No Israeli leader has cultivated evangelical support like Netanyahu and many worry his imminent departure could sour ties with one of the Jewish state’s main backers
WASHINGTON (JTA) — After a decades-long embrace that began when he first served as Israel’s prime minister in the 1990s, Benjamin Netanyahu’s evangelical allies are worried about a future without him.
Jews who value the Christian alliance are worried, too, about a possible erosion of support among a critical pro-Israel sector should Netanyahu be forced from office, which now seems a strong possibility.
“I hope the wisdom that Bibi had when it comes to respecting and honoring that community, I hope that other leaders will have that wisdom,” said David Brog, the founding director of Christians United for Israel, or CUFI, who now heads a pro-Israel campus group, Maccabee Task Force.
“I would not expect to see real diminished support, but it would be a failure not to maximize the support and inspire it to its full extent.”
Joel Rosenberg, an Israel-based evangelical convert from Judaism to Christianity, said in a post on All Israel News, a website he directs, that he was hearing expressions of anxiety from evangelicals.
“In recent days, I have received many concerned emails and text messages from evangelical leaders asking me what is happening, why, and what the implications of this political earthquake are likely to be,” Rosenberg wrote this week as it became clear that Naftali Bennett, a right-winger, and Yair Lapid, a centrist, succeeded in cobbling together a coalition that would replace Netanyahu following the fourth split-decision election in two years.
No one expressed that angst in harsher terms than Mike Evans, an author and founder of the Friends of Zion Museum in Jerusalem. In a profanity-laced letter, Evans told Bennett, “You care more about your own damn ego and your bitterness than you do the State of Israel.”
In a separate screed posted on The Times of Israel blogging platform, Evans accused Netanyahu’s opponents of trying to “crucify a man they hate and they’re willing to destroy the nation to do it.”
His tirades spurred rebukes from others in the evangelical pro-Israel community, who said Evans was an outlier even though he served on former US President Donald Trump’s Evangelical Advisory Board.

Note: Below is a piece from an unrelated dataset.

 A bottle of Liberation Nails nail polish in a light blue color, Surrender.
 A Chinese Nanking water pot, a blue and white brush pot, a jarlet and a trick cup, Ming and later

“I think Mike’s approach is unfortunate in that we as American supporters of Israel ultimately have to respect and defer to any decision made by Israel’s democratic process,” Brog said.
One Orthodox rabbi who cultivates Christian support for Israel was so put off by Evans’ comments and his attack on Bennett that he suggested “a radically new path forward” that was less political and more personal.
“We need a new way of doing things and we need to start building healthy relationships directly between rabbis and pastors and between pro-Israel Christians and pro-Israel Jews,” wrote Rabbi Tuly Weisz, who runs the website Israel365.
Pro-Israel and Israeli officials who deal with evangelical Christians said they were not concerned that Netanyahu’s departure would undercut the relationship.
“We appreciate the support of evangelical Christians for Israel,” an Israeli government official told the Jewish Telegraphic Agency, speaking on the condition of anonymity so he could speak freely while the government is in transition.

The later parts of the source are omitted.